Pendant la phase intense et aiguë du SPT, les personnes peuvent avoir besoin de prendre des médicaments pour réduire la douleur. Généralement, l’utilisation sur ordonnance d’AINS ou d’analgésiques opioïdes peut atténuer l’inconfort. 

La physiothérapie et le soulagement thérapeutique de la douleur, tels que les traitements chaud-froid, peuvent également être utilisés pour réduire la douleur et maintenir la masse musculaire et l’amplitude des mouvements.

L’utilisation d’une unité TENS (stimulation nerveuse électrique transcutanée), une machine qui applique des impulsions électriques aux muscles à travers la surface de la peau, peut être une option thérapeutique utile supplémentaire, réduisant la douleur chez certaines personnes. 

Pour les douleurs nerveuses chroniques extrêmes et insensibles aux autres traitements, la chirurgie (y compris les greffes nerveuses et les transferts de tendons) peut offrir des solutions qui réduisent la douleur et rétablissent le mouvement.

Le remplacement des tendons endommagés peut aider à récupérer la perte de mouvement de l’épaule, en particulier deux ans ou plus après l’apparition initiale du SPT si les nerfs et les muscles sont endommagés et n’ont pas répondu à d’autres formes de traitement.

Le traitement par immunoglobulines intraveineuses (IVIG) peut être un traitement efficace, mais des recherches supplémentaires sont nécessaires. 
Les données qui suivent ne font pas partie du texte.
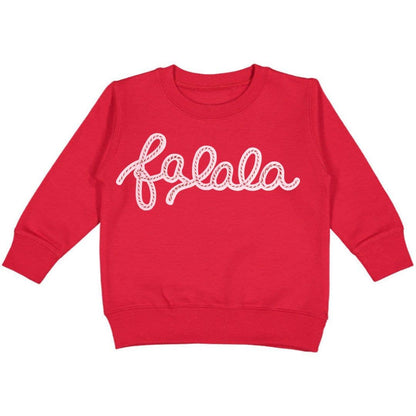 Sweet Wink Falala Patch Christmas Girl's Sweatshirt - Red - Persnickety Shop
Existe-t-il un remède contre le syndrome de Parsonage-Turner ?
Il n’existe pas de remède spécifique contre le SPT. Le traitement est généralement axé sur la gestion des symptômes présents. Dans certains cas, cependant, la condition peut se résoudre d’elle-même.

Faire face au syndrome de Parsonage-Turner

La douleur résiduelle et l’immobilité peuvent constituer un problème lors des tâches quotidiennes répétitives et du travail manuel. Alors que la plupart des gens retrouvent la plupart, sinon la totalité, de leurs forces en deux à trois ans, la gestion de la douleur pendant les phases aiguës et chroniques du SPT est importante.

Des symptômes avancés, tels qu’une paralysie partielle et une douleur insurmontable, peuvent justifier une thérapie physique et une intervention chirurgicale. Ces solutions peuvent aider à prévenir la perte complète des fonctions nerveuses et musculaires au cours des premières phases ou à les restaurer lors de la phase de récupération.

Pronostic

Il est difficile de prédire comment le SPT affectera un individu. Après la première crise du SPT, il y a 25 % de chances qu’une crise se reproduise, et environ 10 à 20 % des personnes atteintes du SPT peuvent avoir une douleur persistante ou des problèmes de mouvement de l’épaule.